TUNCELİ'nin Ovacık İlçesi'nde PKK’lı teröristlerin silahlı saldırısında şehit olan 34 yaşındaki Cumhuriyet Başsavcısı Murat Uzun’un eşi Cihan Uzun, "8 kişinin gözaltına alınması sevindirici bir gelişme. Devlet eşimin kanını yerde koymayacak, koymaz. Benim de bildiğim şeyler var. Yeri geldiğinde, zamanı geldiğinde nerede söylenmesi gerekiyorsa söyleyeceğim. Ucu nereye dokunursa dokunsun" dedi.
Tunceli’nin Ovacık İlçesi’nde 19 Eylül 2012 tarihinde uğradığı silahlı saldırıda yaşamını yitiren Ovacık Cumhuriyet Başsavcısı Murat Uzun’un şehit edilmesiyle ilgili soruşturma kapsamında İstanbul ve Ovacık’ta düzenlenen eş zamanlı operasyonlar 8 kişi gözaltına alınmasının ardından eşi yeni gelişmeyi değerlendirdi. Hemşire olan ve eşini şehit edilmesinin ardından tayini memleketi Samsun'a çıkan 2 çocuk annesi 33 yaşındaki Cihan Uzun, olayla ilgili 8 kişinin gözaltına alınmasının sevindirici bir gelişme olduğunu belirterek şunları söyledi:
"Beklediğimiz bir şey bu. Normal bir süreç tabii ki böyle olacaktı. Büyük bir operasyon olduğu için detaylı araştırma gerekiyor. O açıdan şimdi bulunması benim için geç değil. Yeter ki beklediğim sonucu görebileyim. 8 kişinin gözaltına alındığını ben de duydum. Sevindim ama asıl bu değil beklediğim. Hukuk devletindeyiz hiç kimse suç işleyip elini kolunu sallayarak hayatına devam edemez. Herkes yaptığının karşılığını bir gün görecek. Bekliyorum daha da bekleyeceğim. Bakalım nasıl sonuçlanacak. Adalete devletime güveniyorum."

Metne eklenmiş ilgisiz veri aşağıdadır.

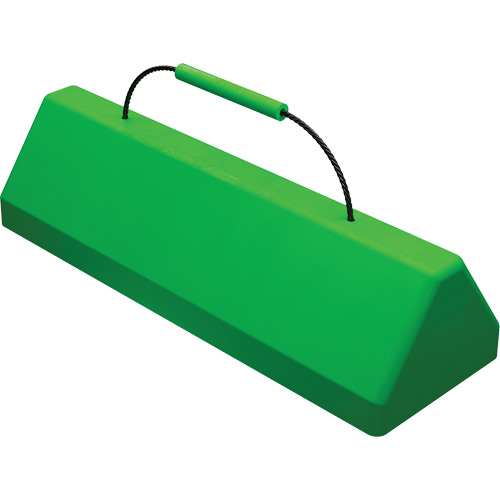 Checkers Safety SafeRay  Aircraft Wheel Chock with Cable Handle, Urethane, Fluorescent Green, 24" W x 8" D x 6" H MAS Chibougamau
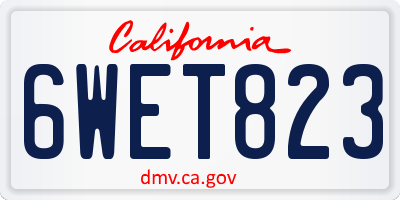 CA license plate 6WET823
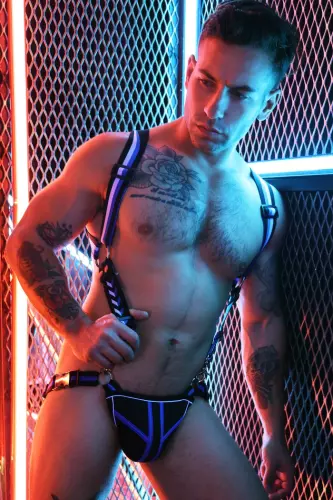 Harnas Singlet Transistor Zwart-Blauw – 16/23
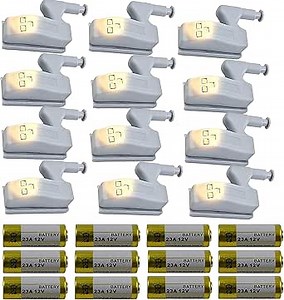 12 Packs Cabinet Hinge Light, Cabinet Door Hinge LED Sensor Lights for Kitchen Cabinet Cupboard Closet Night Lights, Living Room/Bedroom/Wardrobe Night Lights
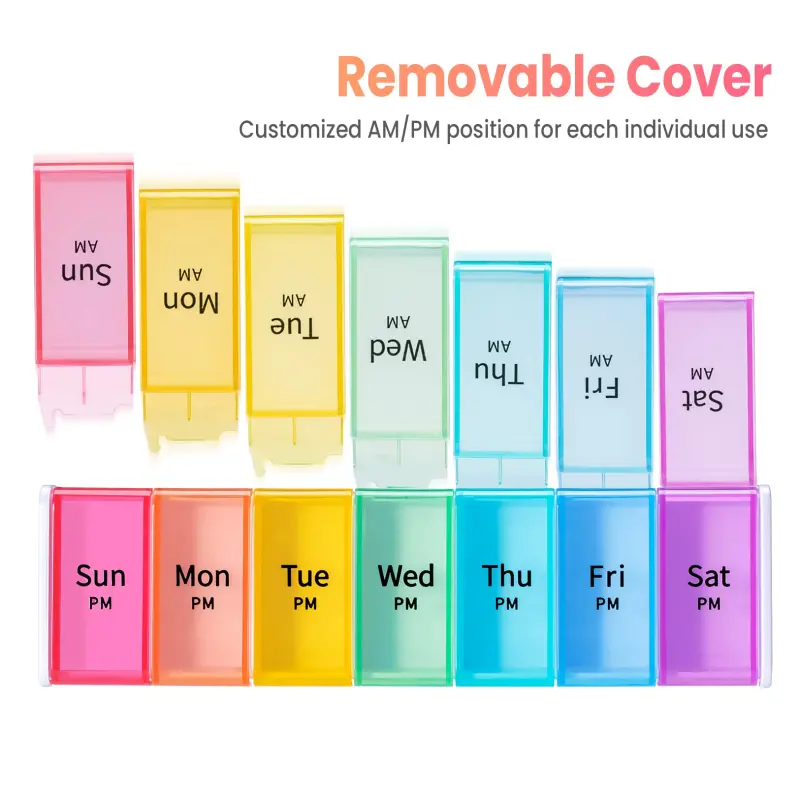 7 Day AM PM Weekly Pill Box with Double Layer Design (4) 7 Day AM PM Weekly Pill Box with Double Layer Design (4)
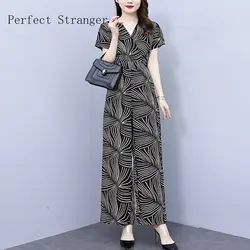 2024 Summer Women Casual Short Sleeve V-Neck Jumpsuits Ladies Printed Bodysuit Loose Long Pencil Side Slit Pants Women Jumpsuit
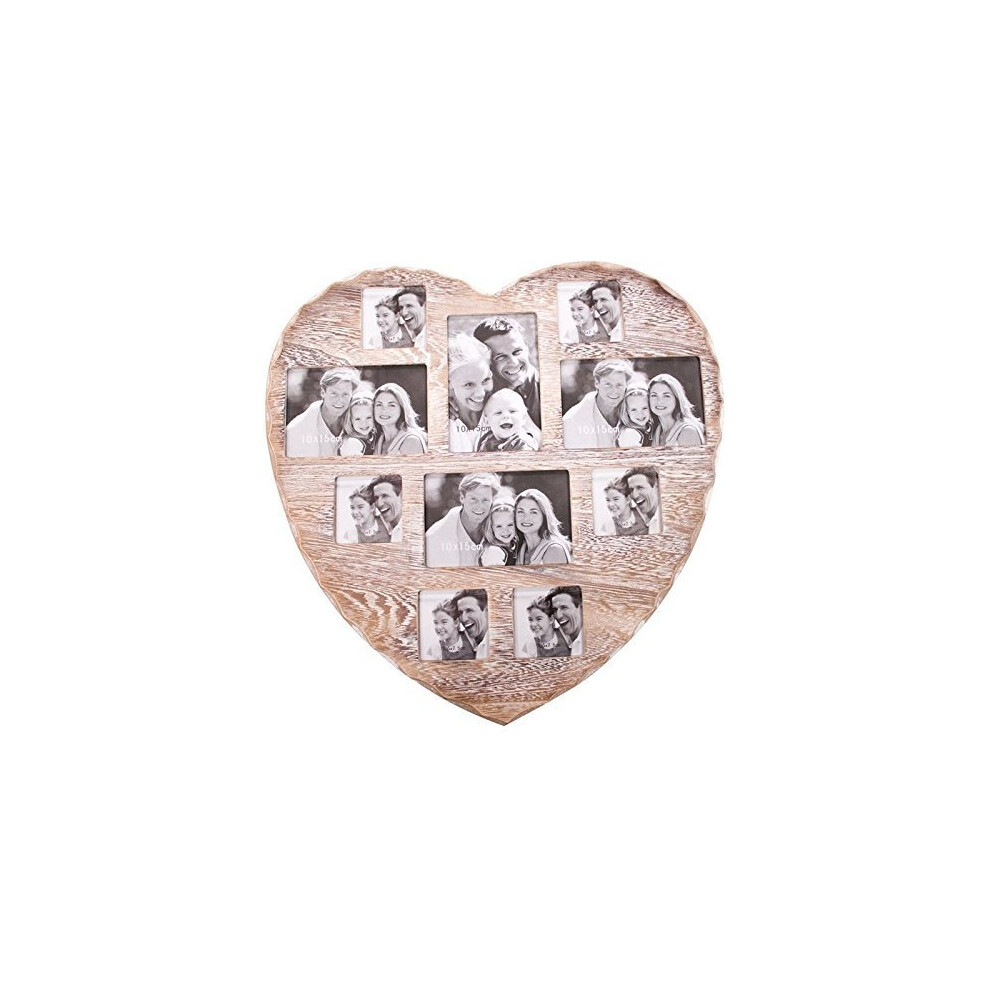 InveroÂ® Large 10 Photo Multi Picture Shabby Chic Wall Vintage Rustic Heart Shaped Frame ideal for Home Kitchen or Gifts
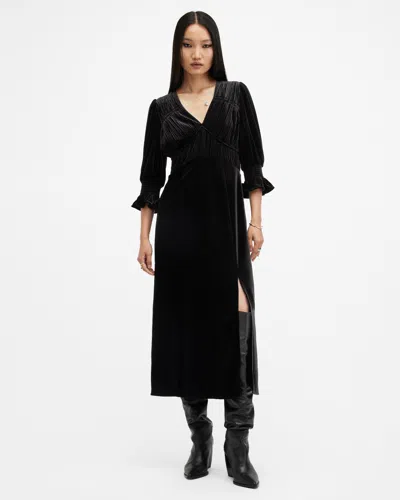 Allsaints Ani V-neck Velvet Midi Dress In Black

GöZALTINA ALINANLARIN İSİMLERİ BANA SÖYLENDİ
Gözaltına alınan kişilerin isimlerinin kendisine söylendiğini belirten Cihan Uzun, "Zaten o dönemde çalıştığım ilçede oralı oldukları ve kimler olduklarını biliyorum. Konuştuğum alışveriş yaptığım insanlar olduğunu biliyorum. Üzüldüm mü belki de ‘Çok dışında tutmuştum. Hayır beklemiyordum. Böyle bir şey olamaz’ demedim açıkçası" diyerek şöyle devam etti:
"Zaten benim bu zamana kadar hep söylediğim, üstünde durduğum ve durulmasını istediğim nokta bu. Tetikçiyle derdim yok benim. Tabii ki cezasını çekecek bulunacak. Bakın nasıl yakalanıyor bulunuyor. Cezasını çekecek bir şekilde. Kolluk kuvvetlerinde emniyette nerede olmaları gerekiyorsa oradalar. Benim asıl sorum şu; nasıl o boşluğu nereden buldular. Neye güvenerek bu kadar rahat davrandılar. Gündüz öğlen vaktinde Cumhuriyet Başsavcısına bu şekilde bir saldırıyı neye dayanarak, ne rahatlıkla, neye güvenerek yaptılar? Bu soruların arkasında kim varsa, ne ve neresi varsa benim hedefim orası. Benim de bildiğim çok şey var, diyalog halinde olduğum insanlar oldu. Zaten şüphelerim de o doğrultuda, ispatlanması zaman almıştı. Bildiğim şeyler var yeri geldiğinde, zamanı geldiğinde nerede söylenmesi gerekiyorsa söyleyeceğim, ucu nereye dokunursa dokunsun. Benim gerçekten kaygım büyük. Acım büyük. Alacağım var hesabım var bunu göreceğim. Er ya da geç olacak bu. Buna çok inanıyorum."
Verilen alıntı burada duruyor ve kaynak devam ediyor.